1. Os embargos de executado deduzidos, foram julgados improcedentes pelo Tribunal, tal como consta da sentença de que ora se recorre, quando deveriam ter sido considerados inteiramente procedentes por provados, com as legais consequências.
2. Os embargados/recorridos, reclamam uma faixa de terreno entre aproximadamente 600 a 700 m2, tal como consta do artº 14º da sua p.i., cfr. documento que se juntou como doc. nº ....
3. A parcela de terreno reconhecida aos autores, ora recorridos, nº 1, 1 b), é de 600, 700 m2.
4. E o certo é que a parcela da filha dos ora recorrentes, proprietária do prédio inscrito na matriz sob o artº ...8..., GG, como já consta dos autos principais, tem pelo menos uma área de cerca de 2.000 m2, tal como pode alcançar-se do documento que se juntou como doc. nº ....
5. Há pelo menos uma área de 1400 m2, 1300 m2, a mais dos 600 m2, 700 m2, que é propriedade de GG.

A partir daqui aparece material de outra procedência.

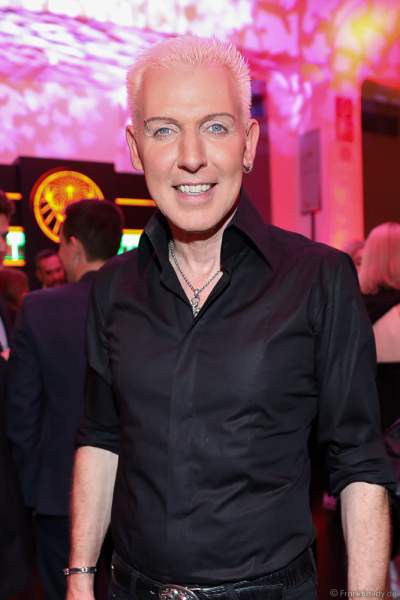 Techno-Veteranen Scooter (H.P. Baxxter) auf der After-Show-Party beim PRG Live Entertainment Award (LEA) 2018 in der Festhalle in Frankfurt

6. As construções referenciadas em 1. 1 c) da fundamentação de facto, dizemos nós, estufa e poço, têm a área de respetivamente 30 m2 e 40 m2, perfazendo uma área total de cerca de 70 m2.
7. Não ocupam pois, nem tão pouco estão instalados em terreno dos recorridos.
8. Razão pela qual nada têm os recorrentes a demolir, nem a restituir livre de pessoas e coisas aos recorridos.
9. Mal se compreenderia que pretendendo os aqui recorridos, tal como peticionam, 600, 700 m2, o Tribunal lhes atribuísse cerca de 2.000 m2, que é a área que tem a parcela a Norte da E.N. 221, verificar-se-ia, pois, condenação extra vel ultra petitum, sob pena de violação do disposto no artº 609º, nºs 1, 2 e 3 do C.P.C.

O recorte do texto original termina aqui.